York then seated himself at the pilot board and touched studs that guided huge gravitational stresses through his engine. Following a course he had already calculated in his mind, he drove his ship in smooth acceleration toward the tiny, lost moon. Like a ball from some cosmic musket, the ship hurtled sunward.

Inside, nothing was felt of the tremendous, crushing acceleration York had applied. He had long before solved the secret of inertia-suspension. They could have leaped from a cruise to the speed of light in one second without the slightest discomfort.

An hour later their destination loomed large in their front port.

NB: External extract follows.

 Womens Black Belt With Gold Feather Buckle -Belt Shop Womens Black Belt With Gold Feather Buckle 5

It had moved position—toward Jupiter. The Immortal had already begun its furious thrust, aimed it like a titanic cannonball for Ganymede. He had said he was doing it by means of a force-beam—a closed beam of artificial force which could be made more rigid and gripping than a solid bar of steel York had used small force-beams himself, at times, to anchor his ship above strange worlds whose surfaces were not attractive for landing.

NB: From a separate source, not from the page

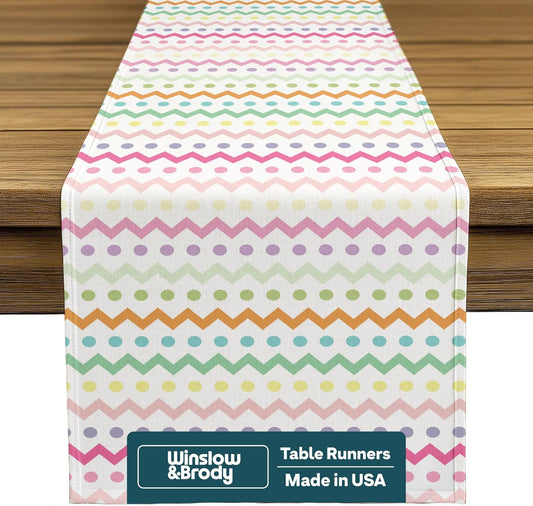 Easter Table Runners 108 Inches Long | Easy-Care | Machine Washable | Bright No-Fade Colors | Spring Pink Kitchen Dining Table Decorations for Home Party | Easter Chevron & Dots - 14 x 108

But this Immortal’s force-beam was one designed to move a world. Only one force was capable of moving a world—another world’s gravity field. He was either pulling it, or pushing it, by means of some great gravity field. If pulling, he was using Jupiter’s gravity field. If pushing, he was drawing power from the distant Sun’s field. Figuring rapidly, York decided he was probably doing the former, since Jupiter was so much nearer and more effective.

He slowed his ships mad pace and took up an orbital path around its Jupiter side. If the Immortal was on this side at all, he must be at one certain spot—the spot bisected by an imaginary line drawn from the center of the moon to the position in Jupiter’s orbit where Jupiter would be in twelve hours, and where Ganymede would be an hour later.

His quarry’s distance from the moon’s surface was one factor York could not foretell. It, depended purely on the design of the force-beam projector he used. Thus, although York had the search narrowed down geographically, he had to hunt hit-or-miss in the third dimension spaceward from the lost moon’s surface.

York wasted four precious hours searching for the invisible, silent, undetectable space-tractor with which the Immortal was catapulting the lost moon homeward. He spent only an hour on the sunward side, where the sunlight would have quickly revealed any lurking ship. All this while the derelict moon’s speed increased and it had already negotiated half the distance to Jupiter. In another five hours—

“The proverbial needle in the hay-stack,” York muttered to his wife. His face was strained. Suddenly he snapped his fingers. “We’ll have to take a chance,” he said grimly.

The chance of being crushed by the terrific force-beam itself, designed to handle millions of tons of mass, with toy-like ease. York simply shuttled his ship back and forth over the general area under which the force-beam must be anchored. He rode ten miles over the surface, to give himself leeway. His weaving course would eventually run him into the path of the force-beam.